Lost in Paradise
Metallisch schimmernd baut sich das ein Meter hohe Objekt als Blickfang vor unseren Füßen auf, formschön und gleichzeitig irritierend in seiner Entrücktheit. Erst einmal wirkt „flipflop_volcano.stl“ wie ein nierenförmiges Abstraktum mit zwei mittig platzierten Verstrebungen als schwungvolle Verbindung zum Boden. Eine gewisse Elastizität scheint die organische Plastik auszuzeichnen, so biegt sie sich leicht gemäß der Erdanziehung. Prima vista ist Janina Roiders Skulptur aus synthetischem Polymeren jedenfalls nicht unbedingt als vergrößerter Flip-Flop auszumachen, der im Sand zu stecken scheint. Kaum hat man aber das Vorbild der populären Sandale erkannt, schwirren einem auch schon diverse Erinnerungsfetzen durch den Kopf: Das Gefühl von sonnendurchtränkten, unbeschwerten Traumwelten. Die Leichtigkeit des Seins am Strand in südlichen Gefilden, wenn man allen Ballast inklusive der Badeschlappen von sich werfen darf – „Paradise Lost“ sozusagen. Seit Claes Oldenburg haben nur wenige Künstler:innen ein banales Alltagsobjekt so gekonnt gigantesk als Skulptur in den Raum übersetzt. Zugleich ist Janina Roider aber mit „flipflop_volcano.stl“ ein weit von der Plakativität der Pop Art entfernter Hybrid gelungen.
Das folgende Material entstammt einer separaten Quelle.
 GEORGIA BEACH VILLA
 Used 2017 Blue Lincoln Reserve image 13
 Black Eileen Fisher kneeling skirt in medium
Die Doppelbödigkeit des Erscheinungsbildes rührt nicht unerheblich von der technischen Umsetzung her. Über 8 Tage verrichtete der 3D-Drucker schichtweise sein Werk, so dass sich jetzt minutiös Gebrauchsspuren und sogar der Fußabdruck der Künstlerin aus dem real vorhandenen Sandalenvorbild abzeichnen. Durch die monströse Vergrößerung und Halbierung des Modells, durch den Transfer aus der digitalen Welt sind die verstörenden Momente gegeben. Der kurioserweise in der Industrie als „Flop“ bezeichnete Effektlack liefert das perfekt oszillierende Finish. Havaianas ist längst eine eingetragene Marke, historisch betrachtet sind die Zehentrenner-Sandalen nach ihrer Entstehung 1962 in Brasilien wegen ihrer Erschwinglichkeit vor allem von den Armen getragen wurden. Die Ursprünge reichen sogar bis zu der aus Reisstroh geflochtenen Zori-Sandale des traditionellen Japans zurück. Janina Roider überblendet durch dieses mitschwingende soziologische Narrativ das Klischee eines hippen Freizeitartikels. Hinter ihrer 3D-Skulptur verbirgt sich zugleich eine persönliche Verbundenheit mit Brasilien, wo man Flip-Flops generationenübergreifend quasi das ganze Jahr trägt. Doch das ist wieder eine andere Geschichte.